I have a binary file that was generated in C. The file has a fixed record length of 26000 doubles and contains 1067 records with no separators. I need to read it in spark and get the double values. I also have a Python code that gets the values of the doubles and using Files.readAllBytes from java in the spark-shell I also get those values, so based on the Python output I expect the first 1000 doubles of the first record to have the value -3509.580466022612. Taken from spark-shell:
import java.nio.ByteBuffer
import java.nio.ByteOrder
val doubleByteSize = 8
val recordLength = 1000 * 26 * doubleByteSize
val bytesRdd = sc.binaryRecords("file:///myBinaryFile.val", recordLength)
val arrayOfRecords = bytesRdd.collect
val firstRecord = arrayOfRecords(0)
// group 8 bytes together to transform them to doubles
val listOfDoubles = firstRecord.grouped(doubleByteSize).toList
// I get 1000 times the same double but isn't -3509.580466022612 it's 1.1848107264484659E181
val result = listOfDoubles.map(arrayOfBytes => ByteBuffer.wrap(arrayOfBytes).getDouble)
// try with little endian and it is wrong again -6.045003065652023E-27
val result2 = listOfDoubles.map(arrayOfBytes => ByteBuffer.wrap(arrayOfBytes).order(ByteOrder.LITTLE_ENDIAN).getDouble)

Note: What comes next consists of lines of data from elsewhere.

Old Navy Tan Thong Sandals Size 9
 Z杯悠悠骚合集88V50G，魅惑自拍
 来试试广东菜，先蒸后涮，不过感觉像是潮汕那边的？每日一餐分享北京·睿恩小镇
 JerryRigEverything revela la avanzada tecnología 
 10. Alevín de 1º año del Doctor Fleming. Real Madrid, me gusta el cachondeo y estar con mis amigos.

The number of records looks correct (arrayOfRecords.length = 1068), the number of bytes per record looks good to me (firstRecord.length = 208000) and the first 1000 doubles contains the same value, everything as expected but the double value (1.1848107264484659E181) is not the expected one (-3509.580466022612). I tried to change it to little endian but the number is still wrong (-6.045003065652023E-27). Python code:
def str_all(data):
ret_str = ""
for d in data:
ret_str+= " " + str(d)
return ret_str
def main():
num_sim = 1000
num_ts = 26
record_index = 0
deal_data = array('d')
with open("/myBinaryFile.val","rb") as data_file:
data_file.seek(SIZEOFDOUBLE*record_index*num_sim*num_ts)
deal_data.fromfile(data_file,num_sim*num_ts)
ts_index = 0
deal_range = slice(ts_index*num_sim,(ts_index+1)*num_sim)
# it prints 1000 times -3509.580466022612
print(str_all(deal_data[deal_range]))
Simple java code to read the binary (from spark-shell) gets the expected value:
val byteArray = Files.readAllBytes(Paths.get("/mybinaryFile.val"))
// gets the correct value -3509.580466022612
ByteBuffer.wrap(byteArray).order(ByteOrder.LITTLE_ENDIAN).getDouble
Anyone has any idea on what's going on here?
Thanks in advance.
Spark version 1.6.0, Using Scala version 2.10.5 (Java HotSpot(TM) 64-Bit Server VM, Java 1.7.0_67) Python version 2.6
The problem was not related with the binary data itself, when I was doing:
val arrayOfRecords = bytesRdd.collect
val firstRecord = arrayOfRecords(0)
I wasn't getting the Array ordered, changing that solved the issue:
val firstRecord = bytesRdd.first
Looks like collect doesn't preserve the order. Thanks The Archetypal Paul for your time and help.